The glorious sign hung in the entryway of the Caribe Royale Convention Center in Orlando, Florida: National Pie Championships.
Not local championships, or state or regional either -- national. Not cakes or cupcakes, or custards or flans. And not the number that begins 3.14, but: Pie! (That's how you know the difference between civilians and pie people; the exclamation point.) I applied to be a judge at the 2013 National Championships and here I was at the end of April in Orlando, FL with my elastic waistband pants on ready to start judging.
The volunteer at the registration desk pointed to the coffee urns down the hallway and said that's where we would be meeting for our training. "But you don't look like you need any coffee," she said. I was more than a bit bouncy with excitement.

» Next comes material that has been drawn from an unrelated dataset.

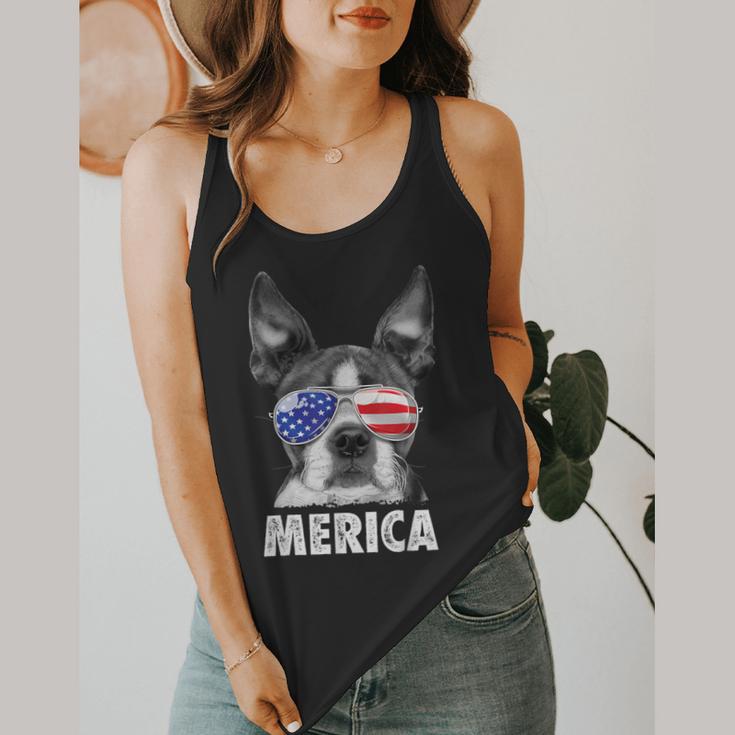 Boston Terrier 4th Of July Merica Men Women USA Flag Vintage Flowy Tank, funny design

One hundred men and women gathered for our training session with Rich Hoskins, the co-director with his lovely wife, Linda, of the American Pie Council (APC). Again, National! And Pie! And Council sounded cool, too, like a gathering of Greek elders deliberating on the evils of dense crusts and runny fillings. According to Rich, a very fit and patient man in a Pie Celebration t-shirt, khaki shorts and sneakers, we would be judging pies on their overall appearance and the impression a single slice makes (basically, how badly do you want to eat this pie?) And then the real investigation begins with the first bite. Do the filling flavors blend nicely? What is the texture and consistency of the crust? What is the mouth feel of the pie. Could any phrase be more apt and fun to say? Mouth feel for fruit pies means it should have, "good definition, and be firm, but not overly crisp." The last criteria was aftertaste -- what stayed with you and how. These seven criteria would be rated from 1-9 on our judging sheet and totaled.
There was one additional category at the bottom of the judging sheet, Overall Impression. This category was so important, Rich said, that it would be weighted more heavily than the others. This 1-9 number would be multiplied by two and then added to the total tally. We 100 judges let out a collective groan. Pie people, it seemed, dread multiplication as much as cupcakes. Rich tried to reassure us, just multiply the last number and add it to the rest of your tally. It's simple, he said, patiently, pleadingly. We didn't believe him. "We're like the IRS with all this math," someone muttered behind me. "It's like we're taking the SATs. Where's my number 2 pencil?" said another. I was going to need my calculator -- but I was going to need it anyway to tally the seven other numbers.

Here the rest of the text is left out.